Bruttia Crispina, wife of Commodus

Historical
Born: ca. 164 AD
Married: first half-year 178 AD
Died: ca. after 187 AD, at the latest 193 AD (probably on Capri)

Family
Father: Gaius Bruttius Praesens (Konsul 153 AD and 180 AD)
Mother: Valeria Marcia Hostilia Crispina Moecia Cornelia
Brother: Lucius Bruttius Quintius Crispinus (Konsul 187 AD)
Husband: Lucius Aurelius Commodus (married summer 178 AD, before 03 August)

History
Little is known about the life of Bruttia Crispina. Emperor Marcus Aurelius married Crispina to his son Commodus before the departure of the newly erupted Marcoman War, sooner than originally intended, in the summer of AD 178. Probably in June / July, but certainly before 03 August (departure of Marcus Aurelius and Commodus for the second Germanic or Sarmatian campaign). Crspina also received the title of Augusta at her wedding.

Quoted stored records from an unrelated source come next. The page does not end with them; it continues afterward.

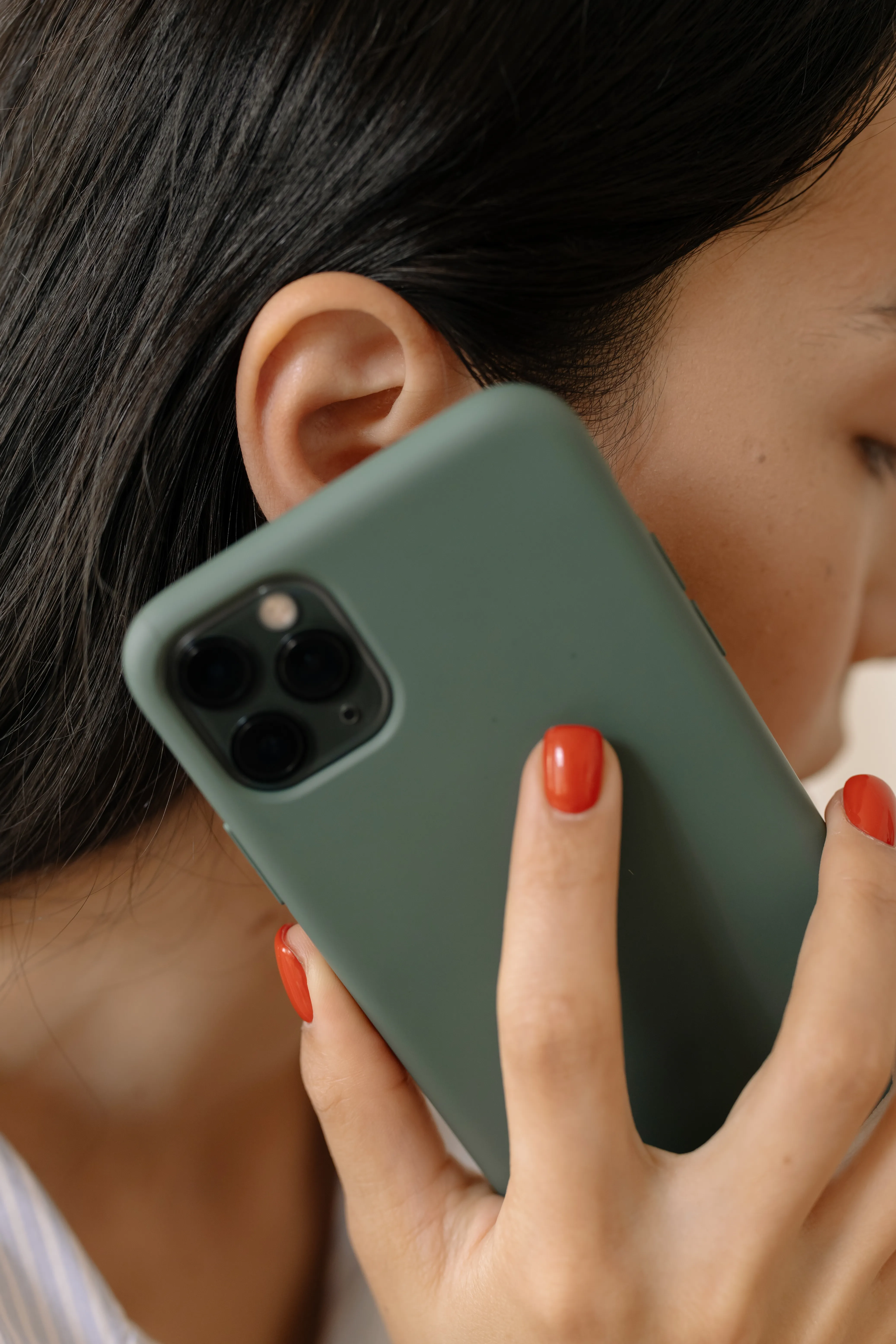 A woman holding a smartphone to her ear in close-up.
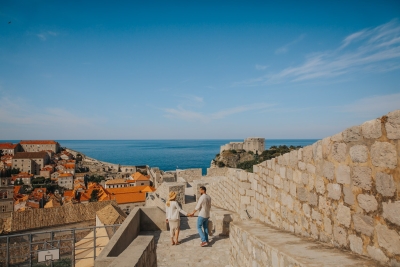Wide panoramic photo taken at Dubrovnik City Walls, couple walking on a photo shoot in the morning. Old town red roofs, st. Lawrence fortress and blue sea and sky in the background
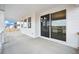 Covered outdoor patio with ample natural light, offering the perfect space for relaxing and entertaining guests at 16633 W 93Rd Way, Arvada, CO 80007
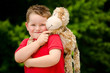 Portrait of boy playing with his stuffed animal pet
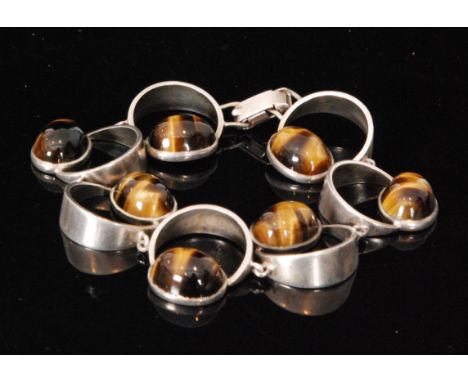 Unknown - A 1970s Scandinavian Sterling silver and tigers eye link bracelet formed as seven off set moon shaped links, each t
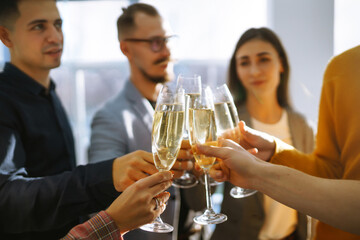 Clinking glasses with champagne. Happy coworkers celebrating their business achievement on a party in the office. Partners celebrating their victory. 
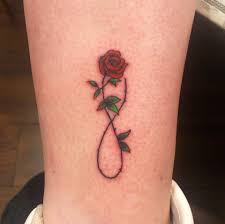 Maybe you would like to learn more about one of these? 2 Little Infinity Roses Done George Gamble Tattoo Artist Facebook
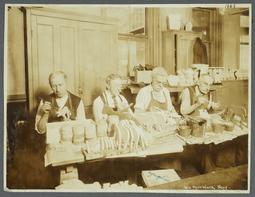 Old Men's Toy Shop Album -- Men Painting Wooden Toys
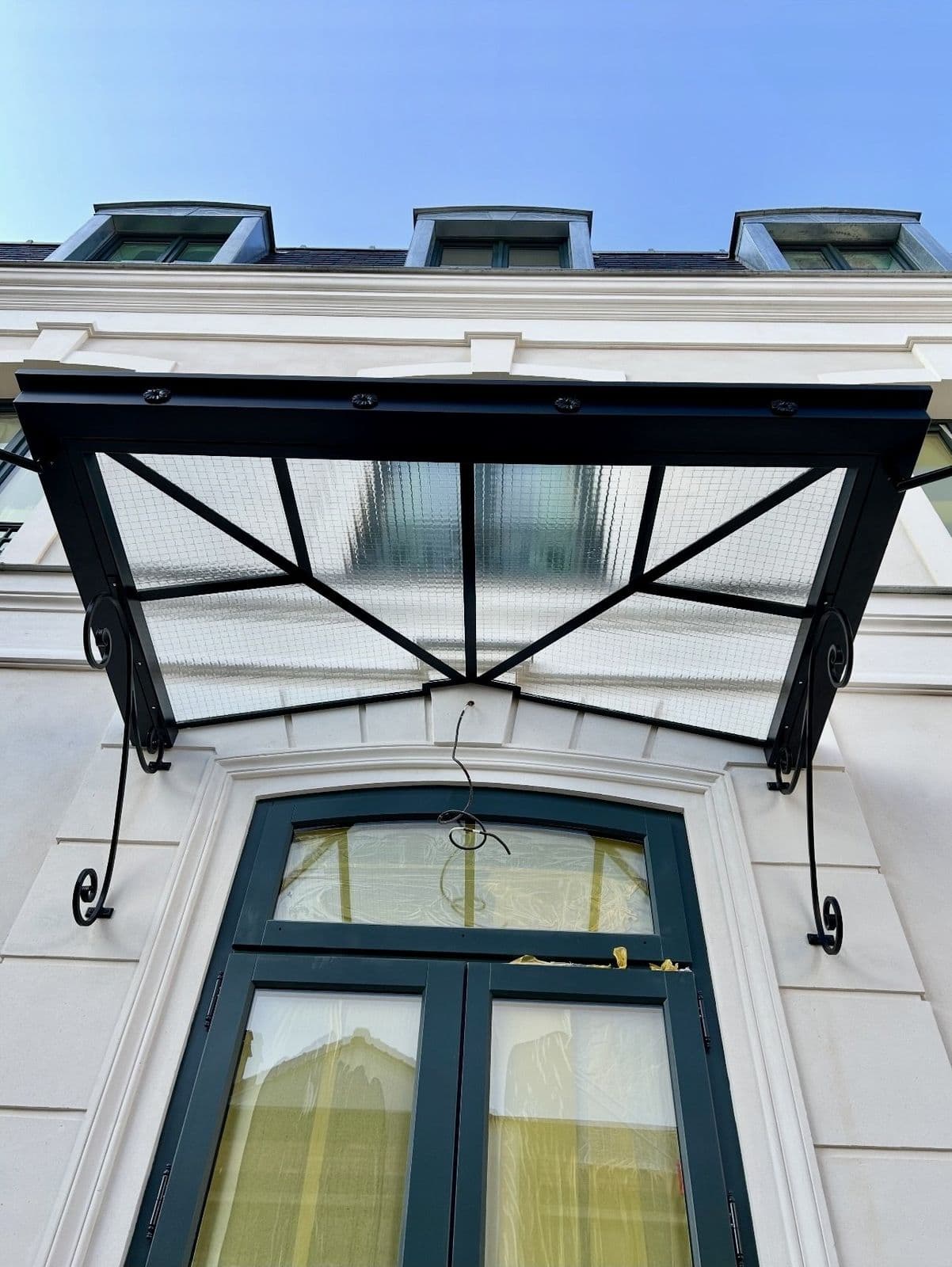 Marquise ferronnée sur façade blanche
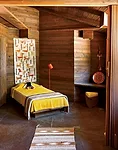 A child&rsquo;s room in the caretaker&rsquo;s cottage lacks a fireplace but still seems cozy due to the extensive wood paneling. Designed by Wright in 1952, this cottage was not realized until 1972, w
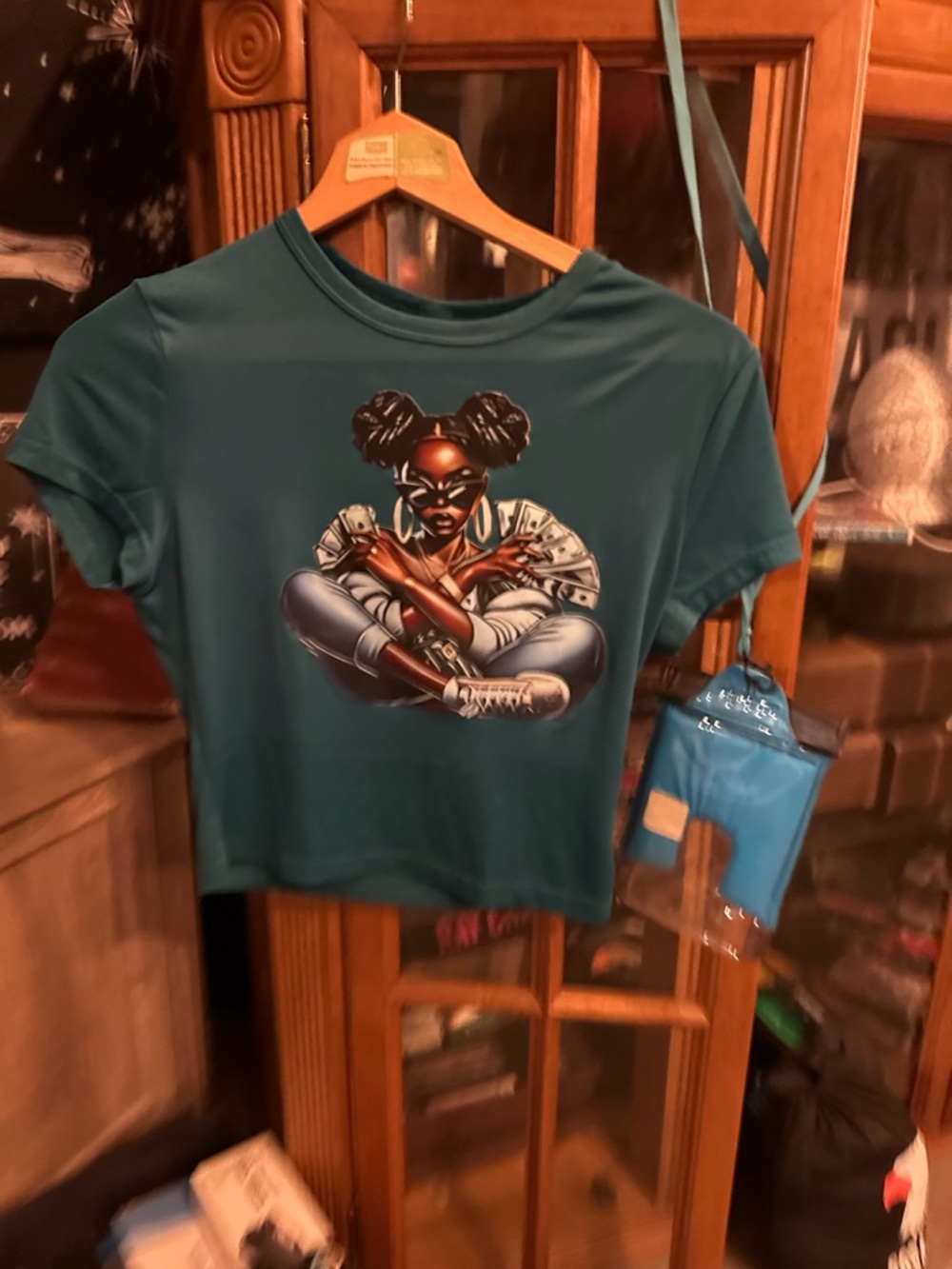Graphic Teal Cropped Tee with Bold Afrocentric Illustration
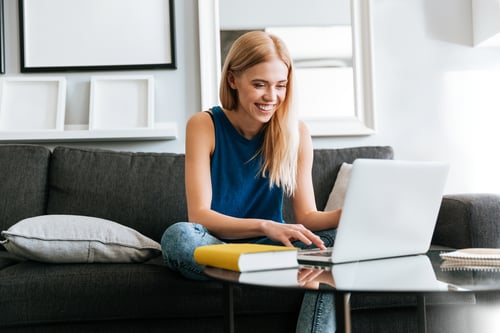happy-woman-sitting-sofa-using-laptop-home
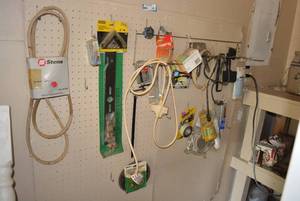 lot 101 image: Contents on Wall Stanley 3 Corner Bracket, Stens Belts 138256 for Lawn Mower, Tub & Tile Sealant, Staple Gun and More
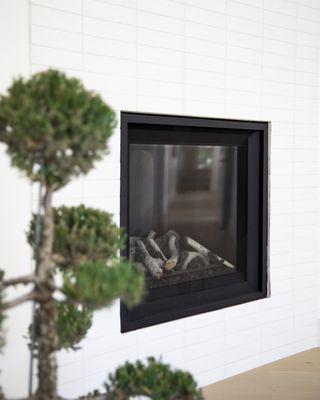 design by LOUhome ; fireplace by CORE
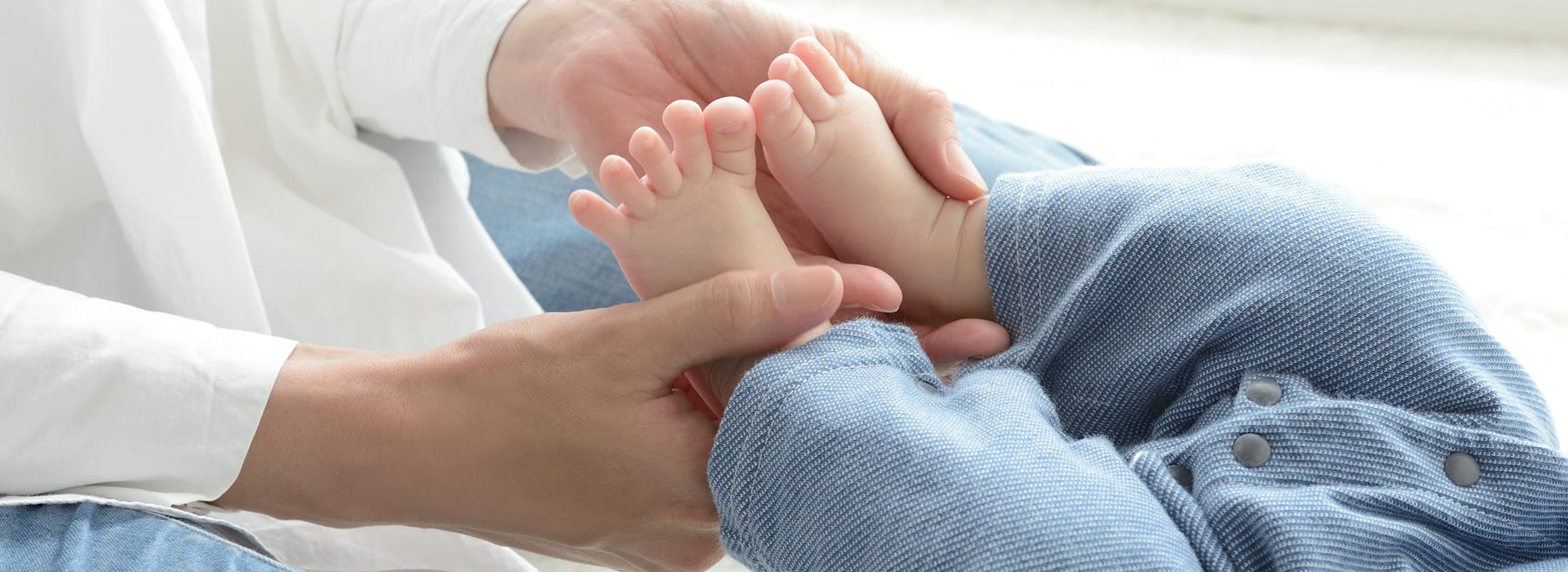 Baby feet being held by parent
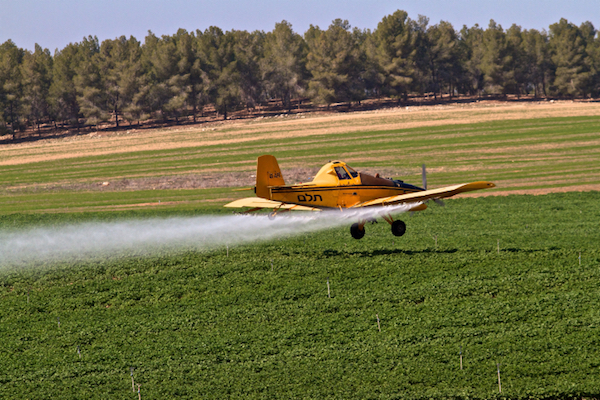 Illustrative photo of a crop-duster spraying agricultural lands with chemical agents. (Doron Horowitz/Flash90)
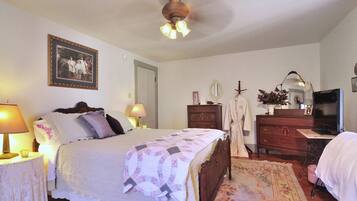 A bedroom with a bed, bedside lamps, a dresser, a mirror, and a television.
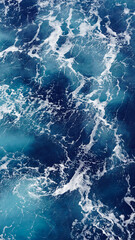 Background of the sea surface, foam stains on clean fresh ocean water. Vertical photo aerial view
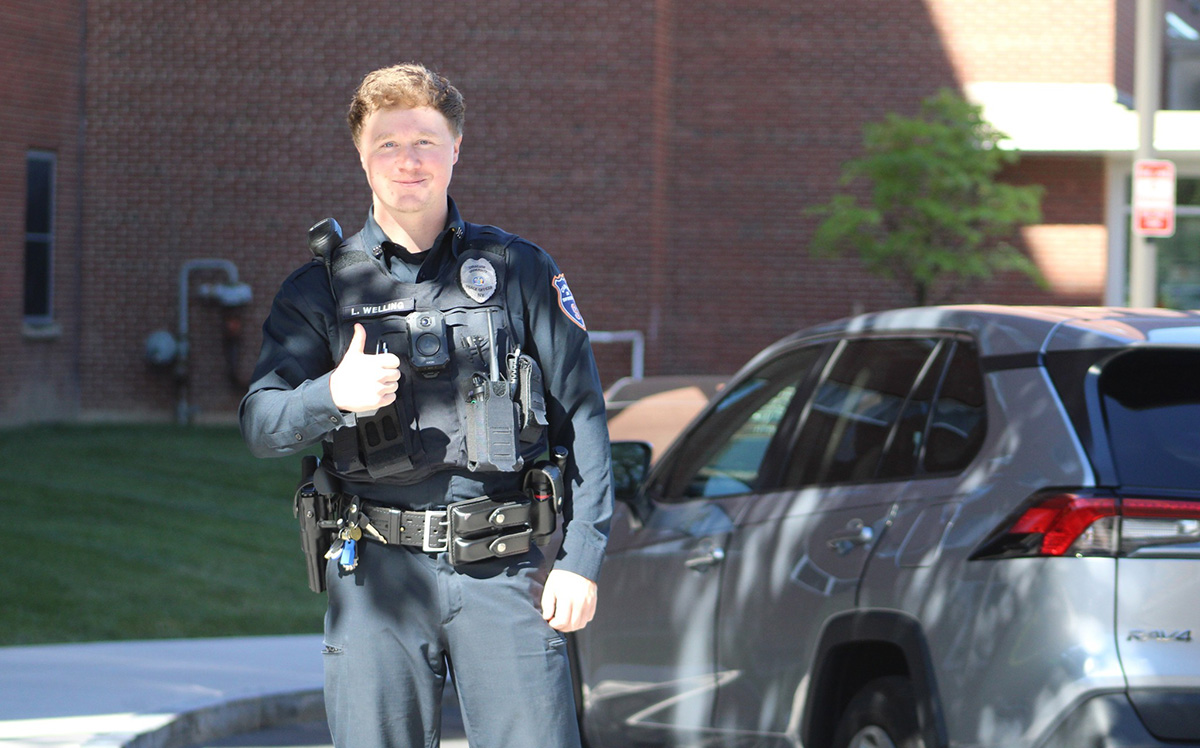 Campus safety officer giving a thumbs-up outdoors near a brick building and parked SUV, with greenery in the background.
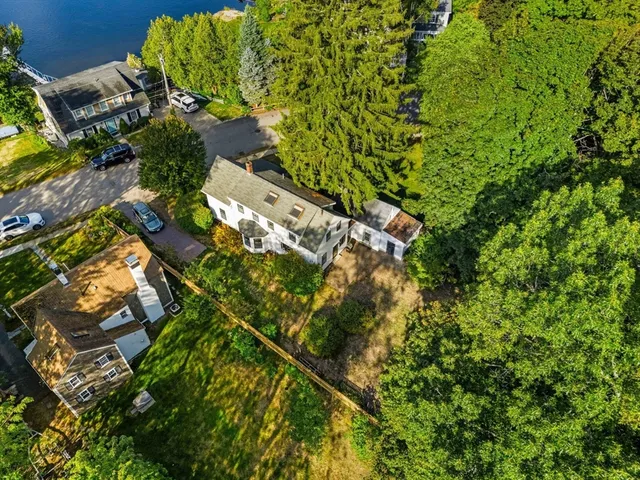 an aerial view of residential house with outdoor space and trees all around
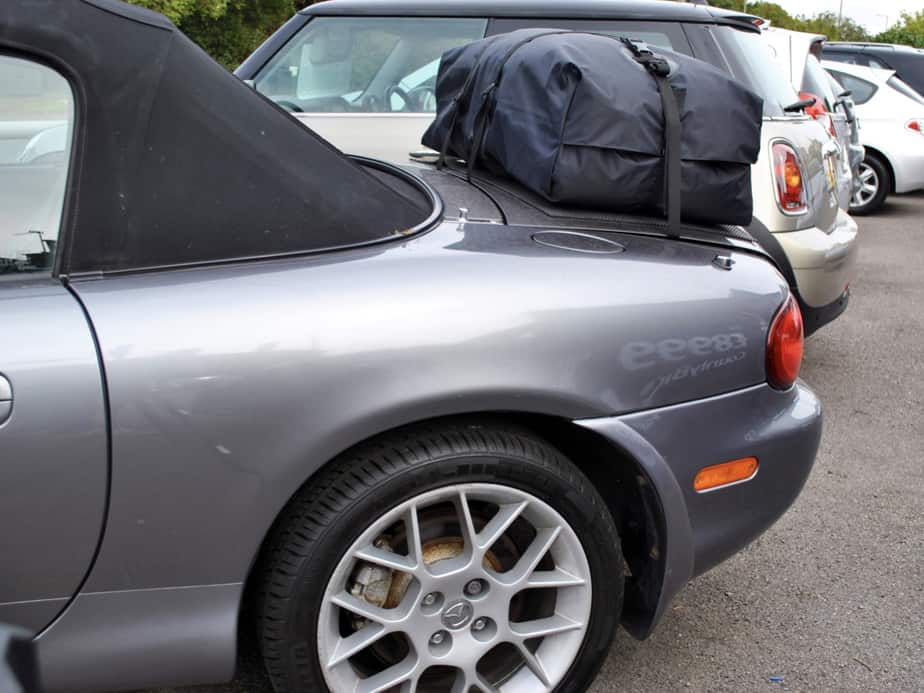 grey mazda mx5 mk2 photographed from the side with a boot-bag vacation boot rack fitted 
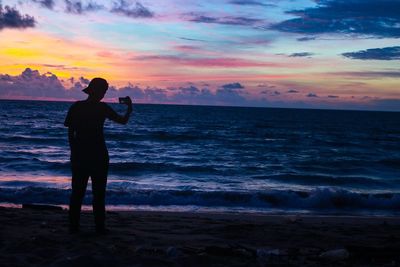 Silhouette woman photographing sea against sky during sunset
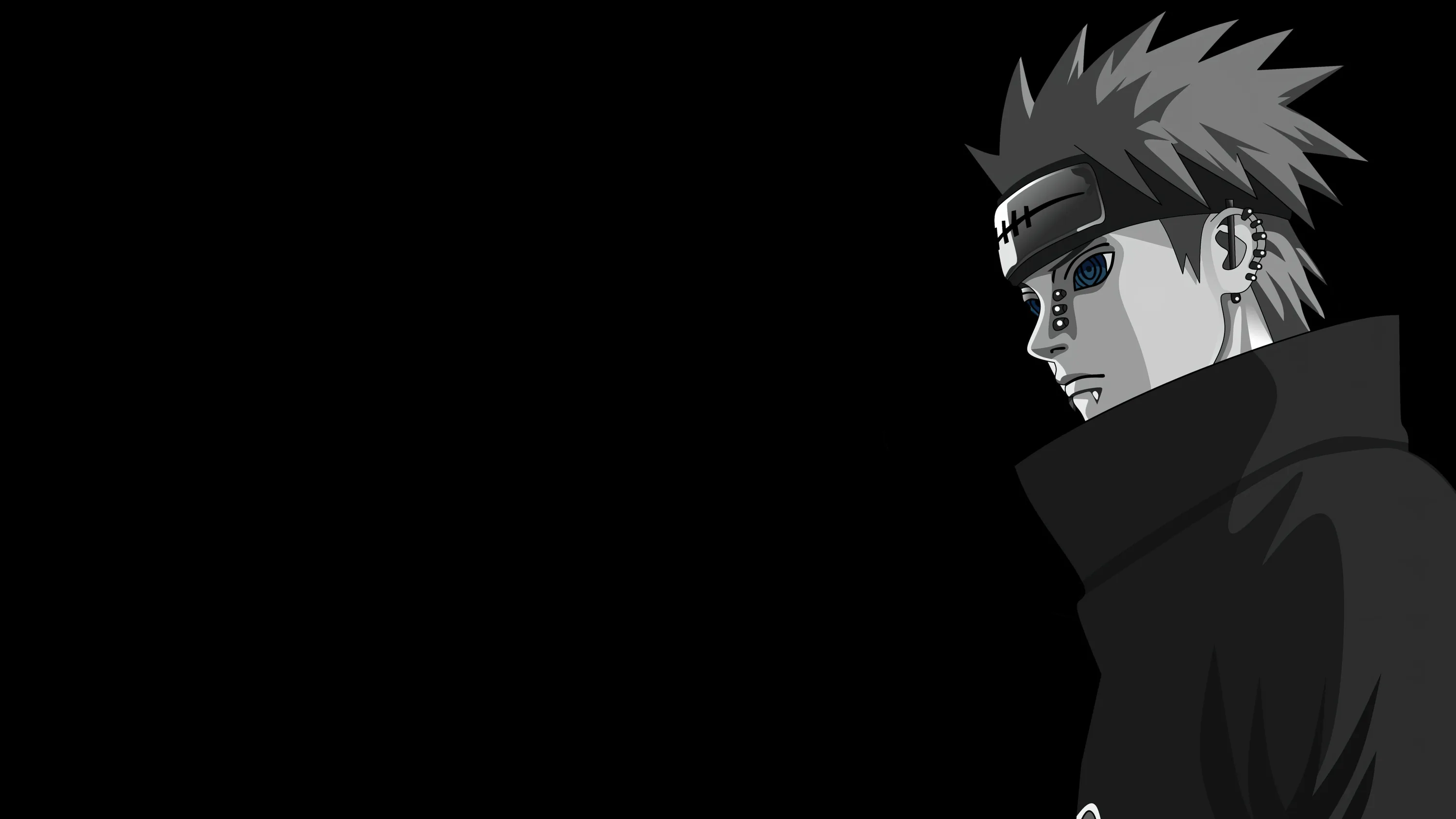 A spiky-haired ninja in a high collar and dark glasses stands at the right, most of the frame left in black.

Her bad relationship with Lucilla, her husband’s sister, is said to have led to later tensions at the Roman imperial court. In the year 182/183 AD a pregnancy may have occurred. Crispina was said to have led a dissolute lifestyle. Later, she was banished by her husband to Capri for adultery and probably executed there. Both the year of banishment and the year of death are uncertain. It is not likely, however, that her banishment and death occurred before the consulship year (187 AD) of her brother L. Bruttius Quintius Crispinus, whom the emperor would not have honoured with the consulship.